Kristi tiró de la cama de abajo y el gato cayó en el espacio entre el colchón y la pared. Cuando volvió a empujar la cama, pensó que el gato saldría disparado hacia un extremo, pero al parecer la pequeña alimaña encontró un nuevo escondite. Por mucho que moviera la cama, no podría desalojar al animal y Kristi no estaba dispuesta a sacar la cama y deslizarse en el estrecho hueco con un felino aterrorizado y sus afiladas garras.

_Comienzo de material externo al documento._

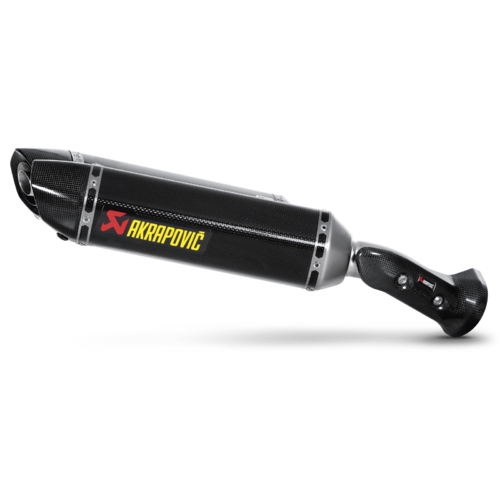 Akrapovic Slip-On Line Carbon Muffler System w/Carbon End Cap for Yamaha YZF-R1 09-14 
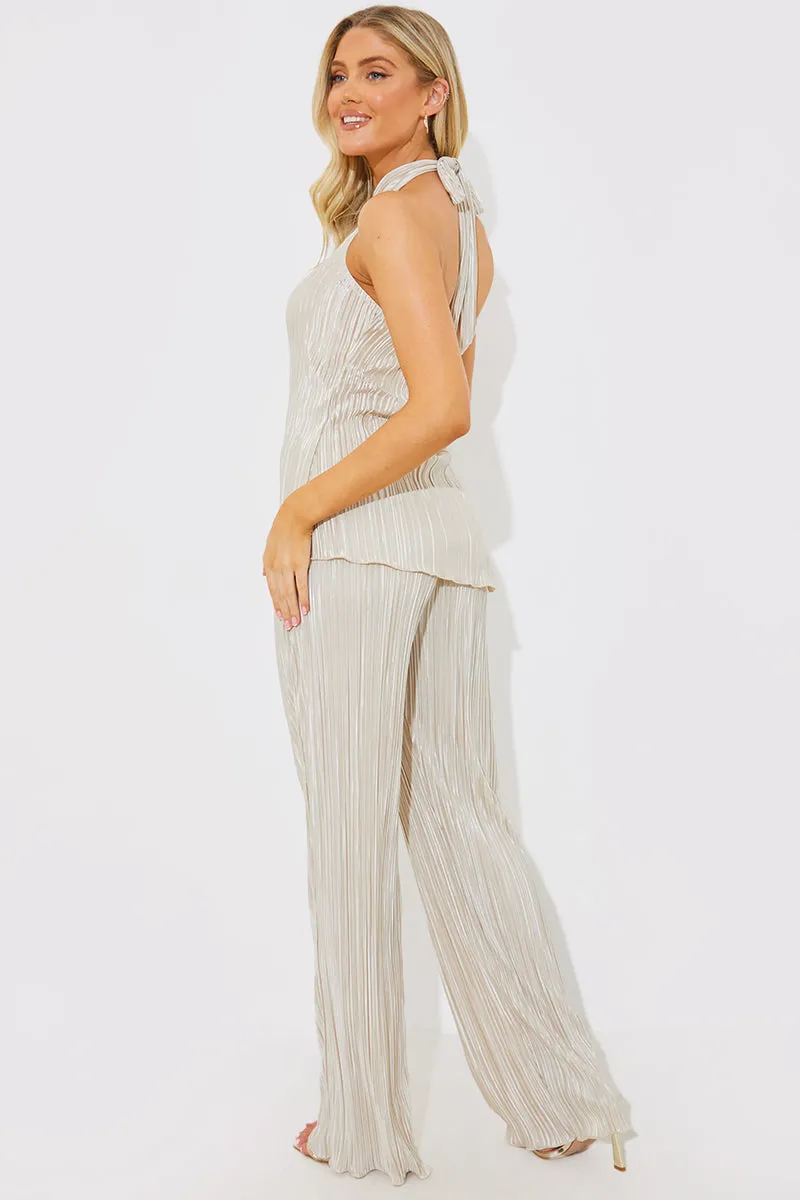 Plisse Wide Leg Co-Ord Trousers sold by Chi Chi London product image thumbnail 3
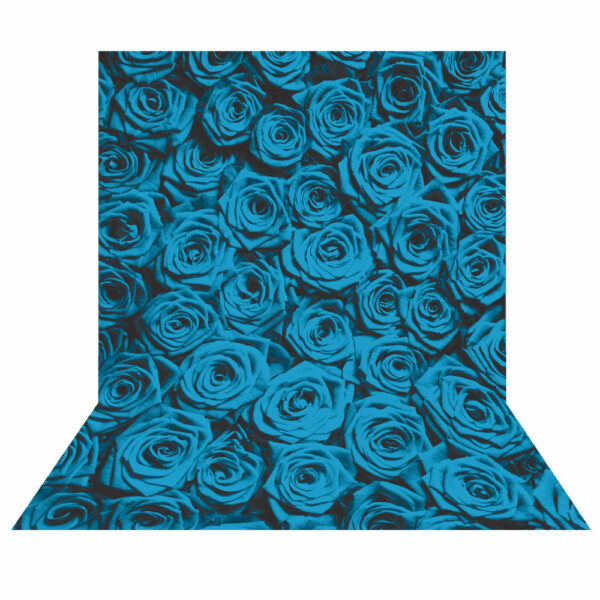 Fundo Fotográfico Cenário Textura Rosas Azul Tecido 2,20m x1,50m F505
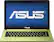Front Standard. Asus - 14" Laptop - 4GB Memory - 320GB Hard Drive - Matte Lime Green.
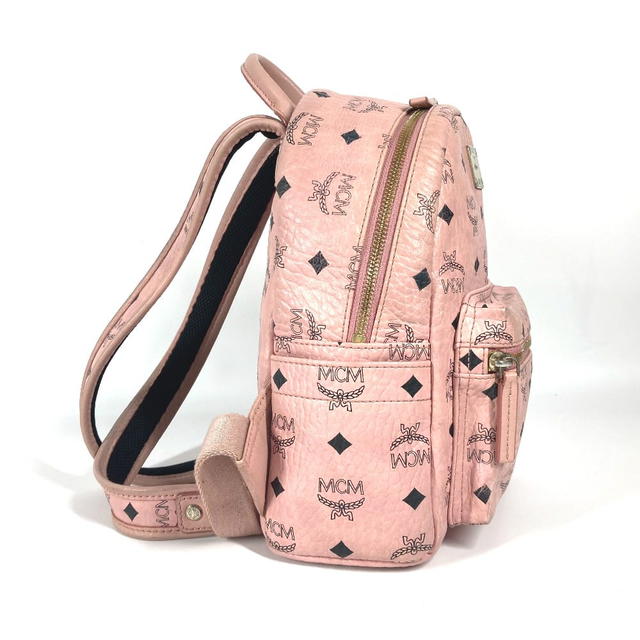 MCM MCM Visetos Logo Backpack Bag Backpack Leather pink - view 5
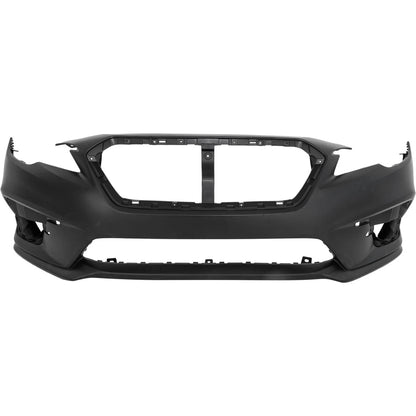 Primed Bumper Cover Fascia 57704AL20A SU1000186 Replacement For Subaru Legacy 2018 2019 Front Primed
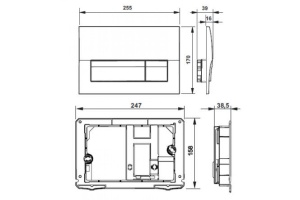 Клавиша смыва Roca Active 8901170B0 белый - 2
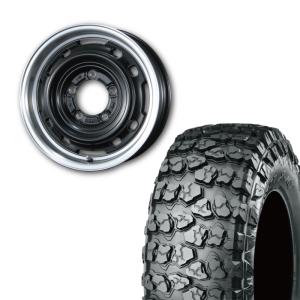 GEOLANDAR 6.50R16 YOKOHAMA M/T G003 BL(ブラックレター)&UNIONRIM TX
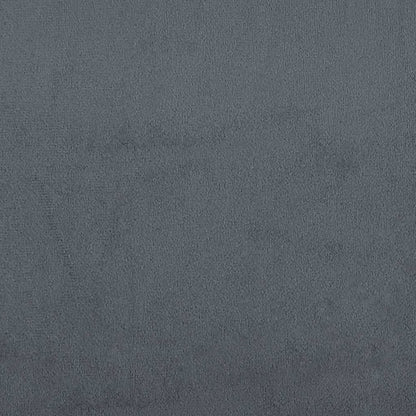 Bed Frame Dark Gray Velvet, Plywood, Engineered Wood Twin XL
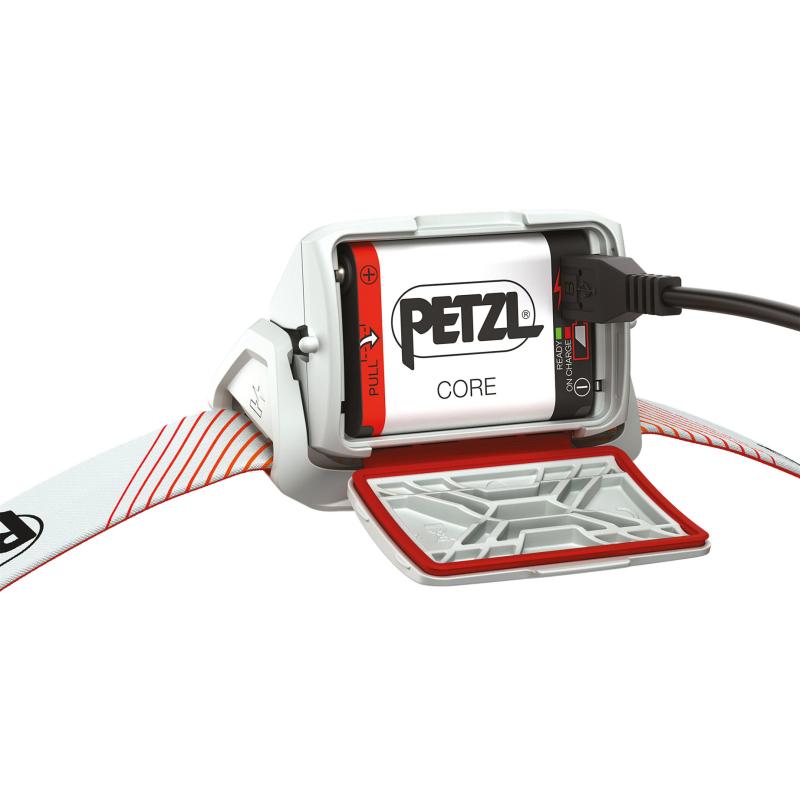 Petzl Actik Core Lampe Rot 550 Lumen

– Por favor, gatito… -suspiró Kristi. No necesitaba aquello. No esa noche. Además, existía una maldita norma en la cláusula quinientos setenta y seis o así acerca de no tener mascotas en la propiedad. Estaba convencida de que Hiram podría recitar el capítulo y párrafo-. Vamos… -insistió, tratando de calmar con su voz al asustado felino.

No hubo suerte.

El gatito no se movía.

– De acuerdo… ¿qué me dices de esto? -Rebuscó en su alacena, encontró una lata de atún y la abrió. Al mirar por encima de su hombro, esperó ver una naricita o unos ojos curiosos o al menos una pata negra inspeccionando desde debajo de la cama.